The West Nile Virus (WNV) is spread via mosquitoes and has been affecting humans in the United States since 1999 (1). Current research by immunologist further dissects antiviral immunity, in hopes of understanding WNV infectivity and how it can be combated or prevented. Previous research in mice has identified several immune mechanisms of control against WNV including cytokines, chemokines, complement, B CD4+ and CD8+ T cells (reviewed in [1]). These are all various aspects of the innate and adaptive immune system that aid in fighting against pathogens. More specifically, type 1 IFN (IFN-αβ) has been given special attention, as mice deficient in it, rapidly succumb to WNV infection (2). Further, it was determined that IFN induction is dependent on certain transcriptional signals. Past research pointed Brien et al. (2011) in the direction of IRF-1, as it has been reported to contribute to IFN-β induction. For example, it was found that IRF-1 transcription factor activated IFN-β gene transcription and regulated genes that directly impeded replication of several viruses. Further roles of IRF-1 have been found in controlling herpes virus, even though mice lacking IRF-1 did not have defects in their type I IFN response. This would suggest that IRF-1 regulates IFN genes “in a pathogen and cell type-dependent manner” (1). Further research has also identified IRF-1 as a tumor suppressing gene and a regulator of the adaptive immune response (3).
To understand the role of IRF-1, Brien et al. (2011) assessed WNF infectivity in IRF-1 normal and IRF-1 deficient mice (1). As previously mentioned, they chose to manipulate IRF-1 because mice lacking it (IRF-1-/- ) were vulnerable to WNV infection. First, it was confirmed that IRF-1 is required for control of lethal WNV infection. After infection with WNV, Wild-type (WT) mice had a 65% survival rate and a mean time to death of 11 days, whereas IRF-1-/- mice had a 0% survival rate and a mean time to death of 9.5 days.
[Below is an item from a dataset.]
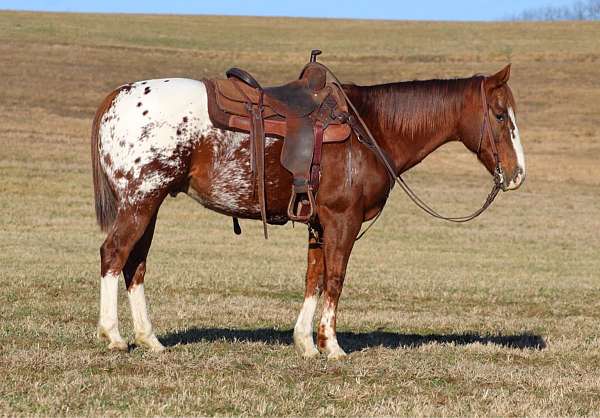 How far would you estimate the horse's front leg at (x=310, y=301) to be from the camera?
9.19 meters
To better understand how IRF-1 deficiency is a disadvantage for mice with WNV infection, the ‘viral burden’ was measured at various points post infection in serum, several peripheral organs, and the central nervous system (CNS). Indeed, increased levels of viral RNA were found in the serum and lymph nodes in IRF-1-/- mice compared to the WT. Therefore, IRF-1 controls the early stages of WNV infection. Additionally, WNV infected the spleen more rapidly and clearance was delayed in IRF-1-/- mice. WNV was also detected sooner in the kidneys of IRF-1-/- mice, further suggesting that IRF-1 normally functions to control infection in peripheral tissues.